# fish shipped to airport



## piranhamagnet (Jun 30, 2004)

im getting some fishes from ash soon, wanted to know what the procedures are and any experiences would be nice.


----------



## SERRAPYGO (Feb 4, 2003)

Just go pickem' up. Acclimate them slowly by dumping in your tank water into the bag they are in by cup fulls in about 10 minute intervals. About 3 times doing this should be good. Equalizing the temp is the most important thing. Don't dump any of the bagged water in your tank.


----------



## piranhaha (Mar 22, 2004)

just go to the cargo terminal tell them you have a package coming in, pay for the shippment and be on youre merry way...


----------



## piranhamagnet (Jun 30, 2004)

thanks , i just hope it wont be crowded. i hear you can receive the fish the same day ?


----------



## SERRAPYGO (Feb 4, 2003)

piranhamagnet said:


> thanks , i just hope it wont be crowded. i hear you can receive the fish the same day ?


 It shouldn't be crowded where you're picking them up. It's possible to pick them up the same day but it's usually over night. Did Ash give you tracking numbers? I assume he's using Air Cargo. Wich is great.


----------



## aqualife (Sep 4, 2003)

Have done it twice. Once with the NE Group Buy with Nitrofish and Piranhaha and once on my own. Both times were a snap and were done with "Ash" The Fish catcher. Just have him tell you what Airline company he is using(NorthWest Airline
I think); the flight number and the time it will arrive at your local airport.

I'm not sure how they handle cargo at your airport, but at mine in Boston(Logan),
they have a area for all cargo. So they split all the cargo - passenger bag's stay at the main terminal and commerical stuff go to cargo area. That's at Logan.

You always get your fish same the day Ash packages them.








A few hour's in the bag, better/safer for your fish.

So just call Ash that morning and get the info on the flight - show up at the airport early and your all set.

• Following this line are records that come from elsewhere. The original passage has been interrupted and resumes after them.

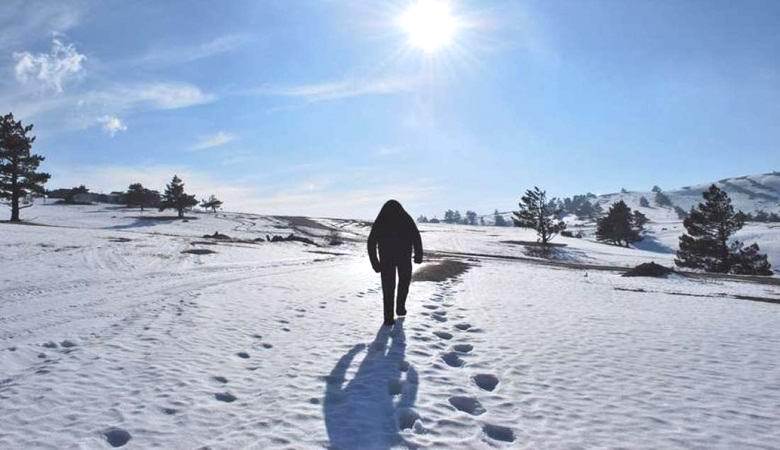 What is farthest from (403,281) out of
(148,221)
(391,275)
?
(148,221)

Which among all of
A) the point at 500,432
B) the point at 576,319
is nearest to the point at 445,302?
the point at 576,319

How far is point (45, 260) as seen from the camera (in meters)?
19.1

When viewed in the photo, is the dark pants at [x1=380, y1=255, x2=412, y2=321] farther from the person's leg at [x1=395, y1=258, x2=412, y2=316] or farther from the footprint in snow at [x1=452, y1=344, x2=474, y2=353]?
the footprint in snow at [x1=452, y1=344, x2=474, y2=353]

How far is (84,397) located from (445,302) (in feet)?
29.9

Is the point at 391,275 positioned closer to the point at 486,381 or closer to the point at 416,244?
the point at 416,244

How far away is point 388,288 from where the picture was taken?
952 centimetres

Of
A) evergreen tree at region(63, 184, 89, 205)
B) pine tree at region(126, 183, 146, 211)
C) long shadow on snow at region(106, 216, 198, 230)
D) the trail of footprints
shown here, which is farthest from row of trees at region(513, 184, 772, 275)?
evergreen tree at region(63, 184, 89, 205)

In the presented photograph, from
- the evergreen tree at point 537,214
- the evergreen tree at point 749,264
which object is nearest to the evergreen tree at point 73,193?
the evergreen tree at point 537,214

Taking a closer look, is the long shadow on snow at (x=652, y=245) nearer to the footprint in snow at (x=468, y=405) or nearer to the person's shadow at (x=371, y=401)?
the person's shadow at (x=371, y=401)

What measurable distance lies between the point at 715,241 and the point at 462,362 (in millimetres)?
52050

Check this out: http://www.piranha-fury.com/forum/pfury/in...showtopic=50839

Ash








313-477-5088


----------



## piranhamagnet (Jun 30, 2004)

thanks aqualife.


----------



## aqualife (Sep 4, 2003)

No problem. Ash







won't let you down.
Good luck with your new fish.


----------



## pinchy (Jun 3, 2004)

I just had one shipped to tf green airport from ash. It was sent on north west and everything went off without a problem. It took me about 5 minutes to find the cargo pickup building, pay and sign for the fish, then drive off with it. Its very easy and the fish is in great condition.


----------



## nitrofish (Jan 14, 2003)

air cargom is a must for large fish or fragle fish. it takes hours to recive your fish instead of overnite. I bought my big rhom from george and he would only ship via aircargo for that very reason


----------



## piranhamagnet (Jun 30, 2004)

well there's on baggage areas in my airport, what am i looking for cargo? can i choose any airline ?


----------



## piranhamagnet (Jun 30, 2004)

so what time usually is it less busy? I dont want to wait in a long line


----------